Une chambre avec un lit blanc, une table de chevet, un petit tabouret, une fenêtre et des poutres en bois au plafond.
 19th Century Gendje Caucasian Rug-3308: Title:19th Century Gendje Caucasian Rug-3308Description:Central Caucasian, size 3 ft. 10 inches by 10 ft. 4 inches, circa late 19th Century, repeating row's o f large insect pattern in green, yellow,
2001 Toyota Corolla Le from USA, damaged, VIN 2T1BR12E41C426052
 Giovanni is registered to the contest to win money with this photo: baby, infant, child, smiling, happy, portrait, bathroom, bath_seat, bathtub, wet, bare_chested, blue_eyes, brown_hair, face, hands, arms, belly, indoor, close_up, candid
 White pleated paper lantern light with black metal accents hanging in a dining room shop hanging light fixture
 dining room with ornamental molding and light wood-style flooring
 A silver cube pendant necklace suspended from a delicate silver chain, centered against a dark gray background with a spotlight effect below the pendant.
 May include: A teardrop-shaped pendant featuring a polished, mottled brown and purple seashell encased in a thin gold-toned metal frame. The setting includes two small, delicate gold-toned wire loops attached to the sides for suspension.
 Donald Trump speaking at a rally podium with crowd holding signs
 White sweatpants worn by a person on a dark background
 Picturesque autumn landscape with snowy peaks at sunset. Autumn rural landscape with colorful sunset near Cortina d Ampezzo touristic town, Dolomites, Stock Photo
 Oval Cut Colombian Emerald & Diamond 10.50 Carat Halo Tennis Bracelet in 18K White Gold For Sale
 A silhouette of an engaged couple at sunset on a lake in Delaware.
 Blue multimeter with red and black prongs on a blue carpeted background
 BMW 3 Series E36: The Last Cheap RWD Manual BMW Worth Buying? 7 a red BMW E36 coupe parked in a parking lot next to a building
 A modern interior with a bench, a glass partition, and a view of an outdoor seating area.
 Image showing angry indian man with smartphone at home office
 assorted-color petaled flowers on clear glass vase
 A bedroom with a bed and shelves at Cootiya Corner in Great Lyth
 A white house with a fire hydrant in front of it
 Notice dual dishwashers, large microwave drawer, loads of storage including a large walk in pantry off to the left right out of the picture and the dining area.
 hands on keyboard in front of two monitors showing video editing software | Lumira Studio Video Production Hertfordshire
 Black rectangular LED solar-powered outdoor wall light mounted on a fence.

=====

- _Task brief_: Go through the material above and copy each line that has the word "from".

- _Exercise response_:
2001 Toyota Corolla Le from USA, damaged, VIN 2T1BR12E41C426052
 A silver cube pendant necklace suspended from a delicate silver chain, centered against a dark gray background with a spotlight effect below the pendant.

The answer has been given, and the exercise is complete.